Emerging-market stocks have had a rough start to 2007, led by news of political and economic instability in Thailand. Bomb explosions in Bangkok, government-imposed restrictions on foreign investments, and threats of yet another military coup plague the region's economic outlook.

We shouldn't be entirely shocked by the events in Thailand. After all, there have been 18 military coups in the country since the absolute monarchy was abolished in 1932.

That's roughly one coup every four years -- not exactly the best environment for promising companies to realize their potential.

Risky business
In the past few years, emerging-market stocks have been touted as the best places for growth. Indeed, this has been an accurate observation. The Vanguard Emerging Markets Index Fund, for instance, which is buoyed by the likes of China Mobile (NYSE:CHL), Petrobras (NYSE:PBR), and America Movil (NYSE:AMX), has averaged 26% per year over the past five years.

Compare those returns to the blue-chip-laden S&P 500, which notched 6% annualized gains over that time, and you can see why investors were flocking to the emerging markets. The weakness of traditionally strong U.S. firms like General Electric (NYSE:GE) and AT&T (NYSE:T) was simply uninspiring to many investors during this period.

But perhaps these stellar emerging-market returns have blinded us to the fact that not all markets are created equal.

Doomed to repeat it
It's important for investors to understand the history and current state of their stocks' home countries before investing and adjust risk-return expectations accordingly.

If you're invested in South Korean companies such as POSCO (NYSE:PKX) or KookminBank, for example, it would behoove you to keep an eye on the volatile political relationship with North Korea. Indeed, the broader iSharesMSCI South Korea (NYSE:EWY) ETF lost 5% during the tense period in October 2006, when North Korea claimed to have tested a nuclear device. The ETF has rebounded from its autumn lows, but a protracted conflict in the region could significantly affect long-term returns of South Korean stocks.

Other emerging-market economic crises in the past 10 years, such as the currency debacles in Latin America and Asia in the 1990s, hurt emerging-market stock returns. In fact, the Vanguard Emerging Markets Index Fund lost 19% in 1997 and 21% in 1998.

Needless to say, these stocks are not for the faint of heart.

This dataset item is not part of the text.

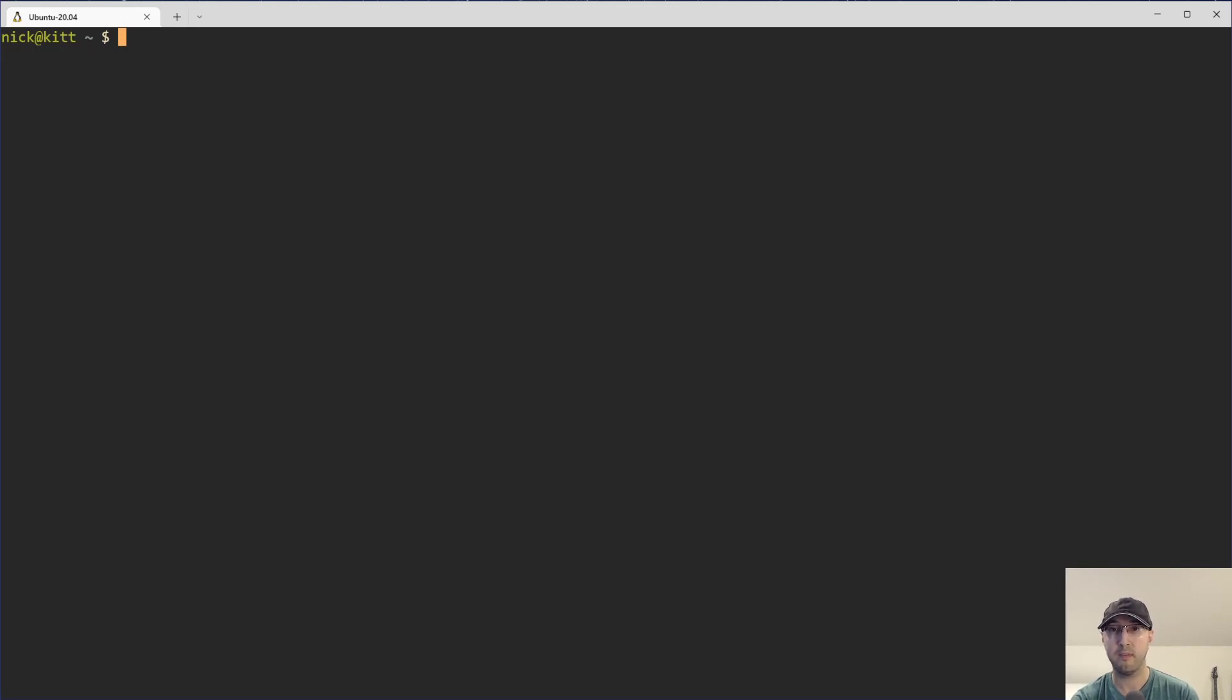And this will make more sense once we start running some commands and going over some details here. And we're going to be running all of these commands locally through Docker. So if you have Docker installed, feel free to follow along. If not, you can always just watch as well.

For taking on the added risks of emerging-market stocks, you should likewise expect more in return. Otherwise, you'd be better off investing in companies hailing from more developed economies where there's substantially less political and economic risk.

Foolish bottom line
Look, there are always going to be added risks when you invest overseas. It would be easy to simply invest in tried-and-true domestic stocks, but by doing so, you also risk missing out on some great growth opportunities in other countries.

The secret to finding the best foreign stocks is finding quality companies in countries that promote free markets and encourage foreign investment. These are exactly the kinds of companies our Motley Fool Global Gains international investing service looks for.

If you're interested in reading about the foreign stocks our team has recommended, consider a free, full-access 30-day trial to the service. There's no obligation to subscribe.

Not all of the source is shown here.